Exhausted, Prosper sat down. Middle-aged, greying a little, his thin face anxious, as it often was, he wondered if he looked as disturbed and haggard as he felt. ‘Don’t,’ he whispered. ‘For God’s sake, don’t, Chloë.’

No sound came from the bedroom, either of suitcases and bags being zipped or of footsteps. Then the doorbell rang and there were voices in the hall, hers light and easy, polite as always, the taxi-man’s a mumble. The door of the flat banged.

He sat where she had left him, thinking he had never known her, for what else made sense? He imagined her in the taxi that was taking her somewhere she hadn’t told him about, even telling the taxi-driver more—why she was going there, what the trouble was. There had been no goodbye. She hadn’t wept. ‘I’m sorry,’ was what she’d said when he came in from the night school more or less at the usual time. His hours were eight until half past one and he almost always stayed longer with someone who had fallen behind. He had this morning, and then had walked because he felt the need for fresh air, stopping as he often did for a cup of tea at the stall in Covent Garden. It was twenty to three when he came in and she hadn’t gone to bed. It had taken her most of the night to pack.

Prosper didn’t go to bed himself, nor did he for all that day. There hadn’t been a quarrel. They had never quarrelled, not once, not ever. She would always cherish that, she’d said.

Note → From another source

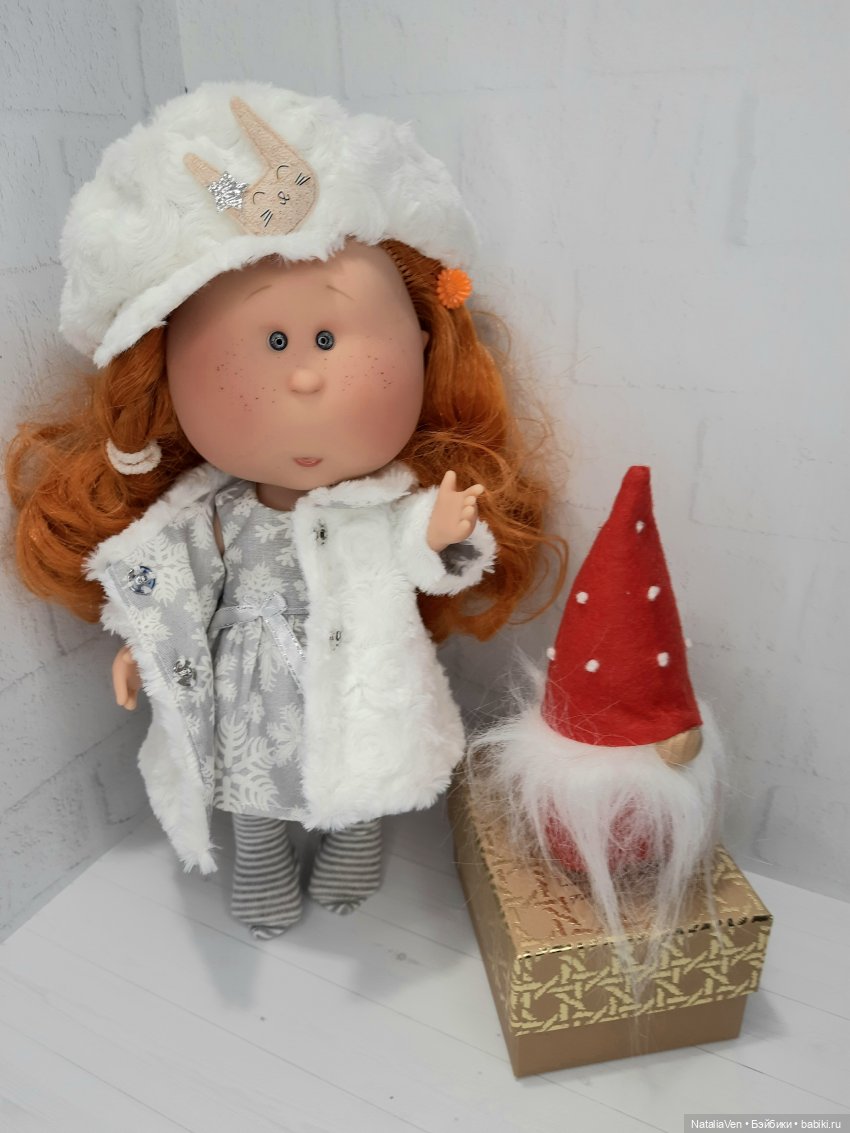 По следам Мийных праздников, или Иванка разбирает и примеряет подарки (фото 10)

He took paracetamol for a headache. He walked about the flat, expecting to find she had forgotten something because she usually did when she packed. But all trace of her was gone from the kitchen and the bathroom, from the bedroom they had shared for two and a half years. In the afternoon, at half past four, a private pupil came, a middle-aged Slovakian woman, whose English he was improving. He didn’t charge her. It wasn’t worth it since she could afford no more than a pittance.

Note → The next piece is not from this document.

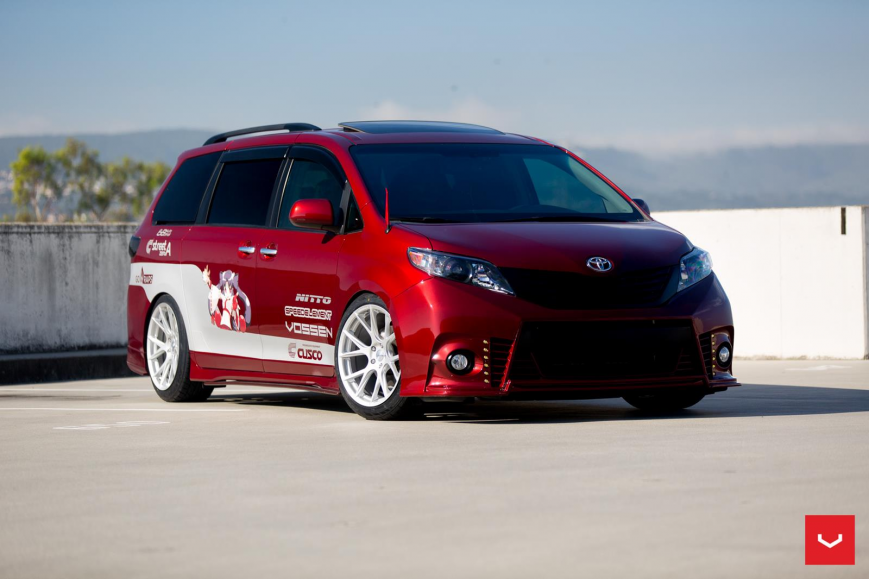 Toyota Sienna �� ������ VFS6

All day Chloë’s work had been a diversion. Now there was a television screen, high up in a corner, angled so that it could be seen without much effort from the bed. People she knew would have put her up for a while, but she hadn’t wanted that. Breakfast was included in the daily rate at the Kylemore Hotel; and it was better, being on her own.

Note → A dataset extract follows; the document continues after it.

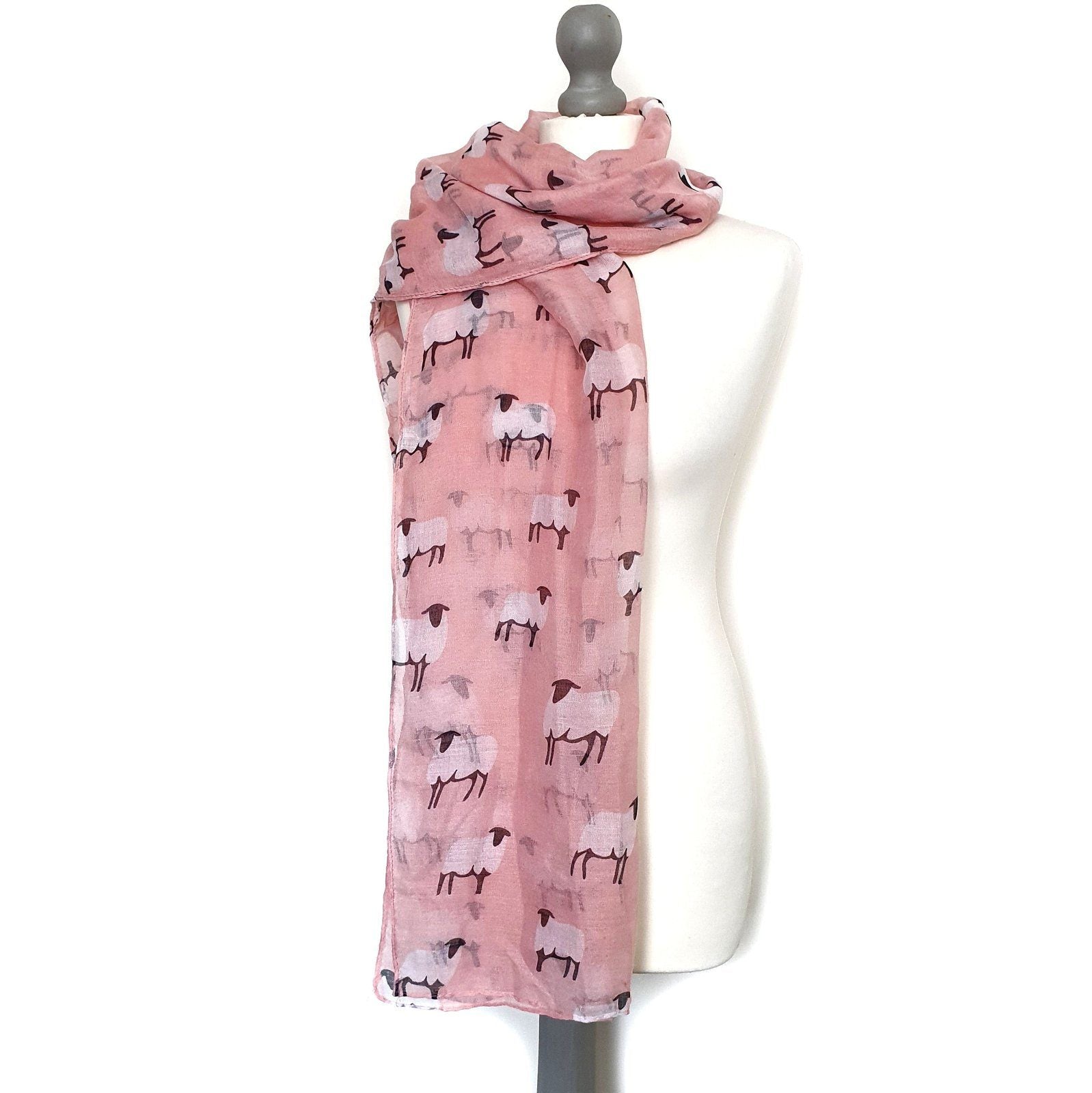 Sheep Scarf Light Pink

But the room she’d been shown when she came to make enquiries a week ago wasn’t this one. The faded wallpaper was stained, the bedside table marked with cigarette burns. The room she’d been shown was clean at least and she’d hesitated when this morning she’d been led into a different one. But, feeling low, she hadn’t been up to making a fuss.

From the window she watched the traffic, sluggish in congestion—taxis jammed, bus-drivers patient, their windows pulled open in the evening heat, cyclists skilfully manoeuvring. Still gazing down into the street, Chloë knew why she was here and reminded herself of that. But knowing, really, was no good. She had been happy.

It was the second time that Prosper had been left. The first time there had been a marriage, but the separation that followed the less formal relationship was no less painful; and in the days that now crawled by, anguish became an agony. He dreaded each return to the empty flat, especially in the small hours of the morning. He dreaded the night school, the chatter of voices between classes, the brooding presence of Hesse, who was its newly appointed principal, the hot-drinks machine that gave you what it had, not what you wanted, the classroom faces staring back at him. ‘All right?’ Hesse enquired, each guttural syllable articulated slowly and with care, his great blubber face simulating concern. In Prosper’s dreams the contentment he had known for two and a half years held on and he reached out often to touch the companion who was not there. In the dark the truth came then, merciless, undeniable.